The walk up to the temple |
temples, of course).
We headed home after, pumped and sweaty. Rhianna joined us again, and the driving idea was still in my head, so I asked to see her lonely planet. By this time I was starting slightly to regret the stubborn decision at Bangkok airport to not get the lonely planet for Myanmar. Rhianna's lonely planet revealed a key point; driving in Myanmar is only possible with a driver or a local accompanying at all times. Expenses up, freedom down, fuck that plan. At the same time a new plan started to emerge. I probably hadn't done enough research into Myanmar and had really only heard about the big four; Mandalay, Bagan, Lake Inle and Yangon. Everything is massive distances to the north by flaky public transport. Yangon fair enough, its the only realistic gateway to the country. On top of that we had only heard the other tourists in the guesthouse talking about exactly these places. Bus times this, train times that bla bla. Same conversation over and over. Its going on around me again as I write this.

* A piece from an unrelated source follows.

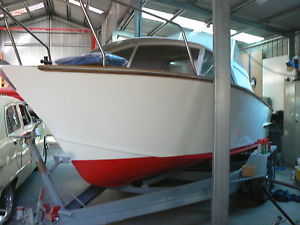 CLASSIC WHITLEY VOYAGER COPY 18'  Half cabin cruiser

My stubborness, our desire to go off the beaten track a little, combined with our love of nature, not-so-much-love of cities and too many foreigners doing the same thing (Mandalay is not the Shangri-La many people think, I fear), we decided to go to the less explored south instead; mountains, trekking and beaches. Plan formed. We would head to tiny Kinpun at the base of Mt Kyaiktiyo, home of the Golden Rock. After that, although not cast in stone, probably Mawlamyine or Hpa-an, where beaches, caves and ferry rides on the Irrawaddy await. The walk to the Golden Rock is a pilgrimage and is four to six hours up a mountain in the blaaazing sun.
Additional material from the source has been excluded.